- Your task
Find "GADFISH Heavy Duty" below and begin at its line; stop after the line with "Ayirish tizimi onto-filogenezi". Output those lines exactly, without pictures.
++++ Data supplied
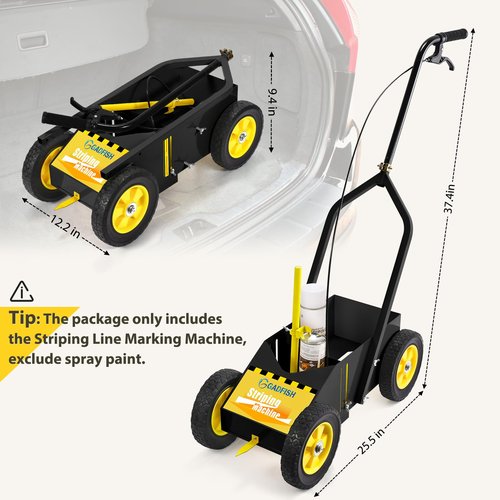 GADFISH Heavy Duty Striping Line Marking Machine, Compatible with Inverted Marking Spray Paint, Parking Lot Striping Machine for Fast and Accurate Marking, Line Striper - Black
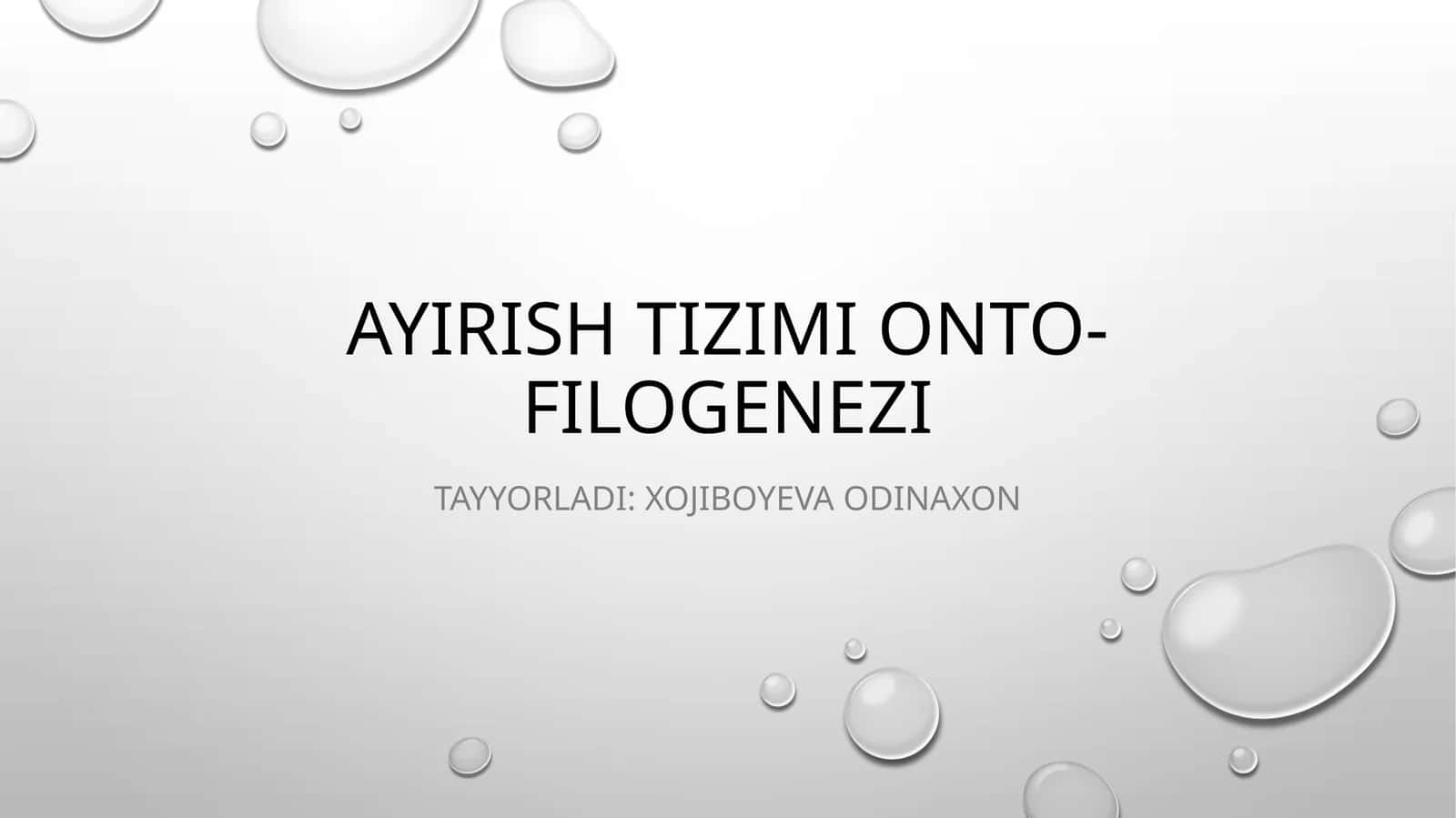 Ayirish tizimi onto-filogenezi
++++++++
++++ Data supplied
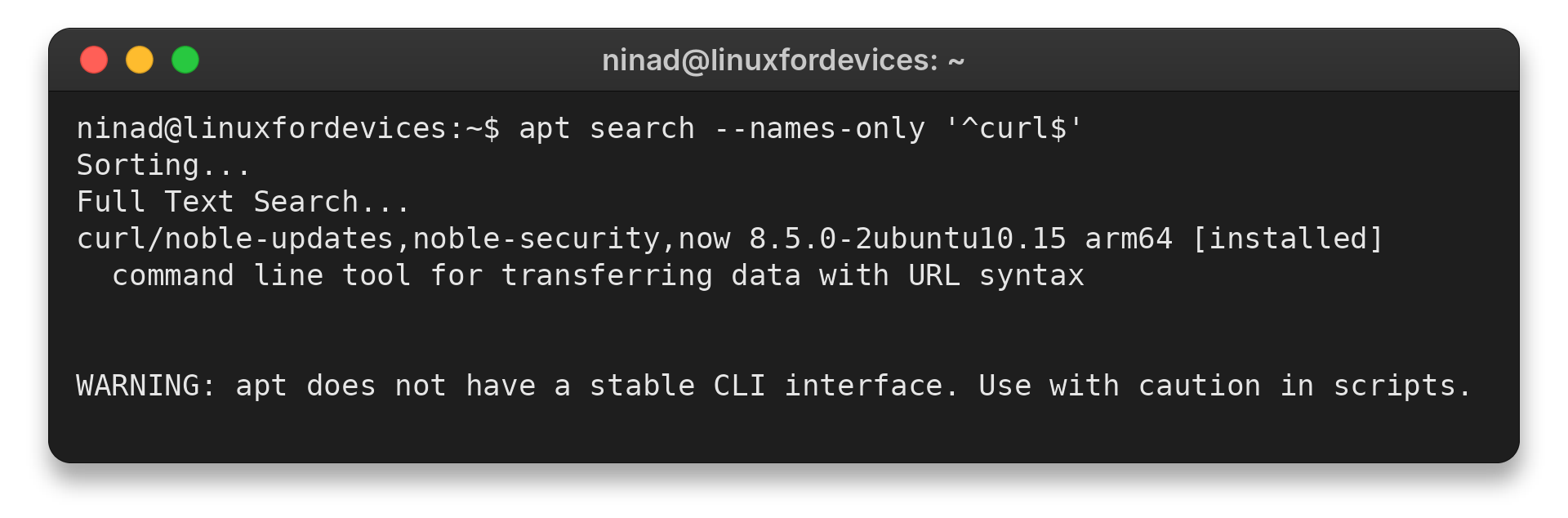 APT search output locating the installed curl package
++++++++
++++ Data supplied
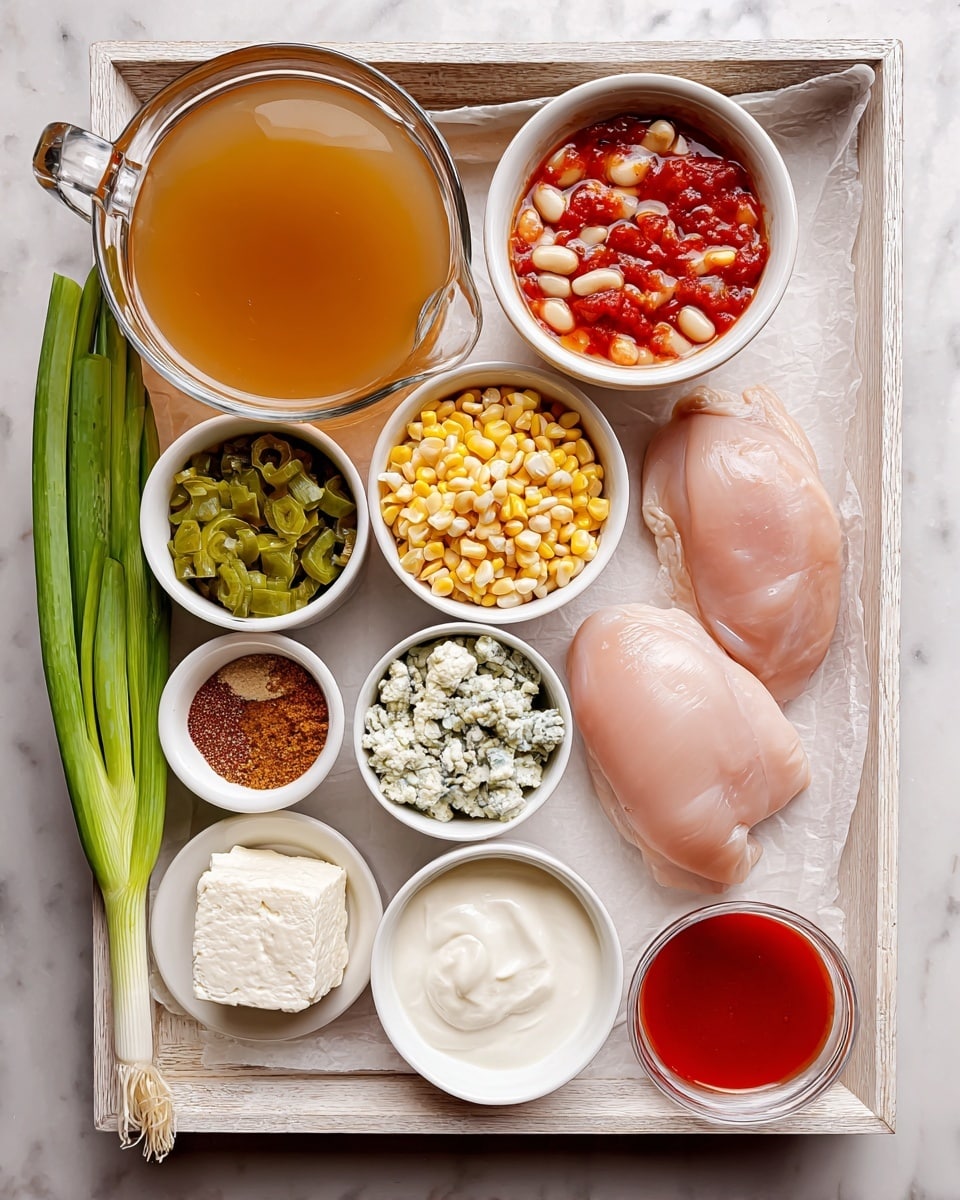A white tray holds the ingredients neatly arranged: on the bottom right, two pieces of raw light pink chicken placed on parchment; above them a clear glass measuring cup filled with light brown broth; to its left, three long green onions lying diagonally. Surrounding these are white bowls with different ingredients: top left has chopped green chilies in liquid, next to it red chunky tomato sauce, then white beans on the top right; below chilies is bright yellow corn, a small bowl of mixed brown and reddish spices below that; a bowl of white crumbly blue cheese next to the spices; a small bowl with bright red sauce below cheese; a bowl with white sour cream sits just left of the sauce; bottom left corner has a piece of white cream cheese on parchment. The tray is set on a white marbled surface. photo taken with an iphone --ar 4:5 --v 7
++++++++
- Problem solution
 GADFISH Heavy Duty Striping Line Marking Machine, Compatible with Inverted Marking Spray Paint, Parking Lot Striping Machine for Fast and Accurate Marking, Line Striper - Black
 Ayirish tizimi onto-filogenezi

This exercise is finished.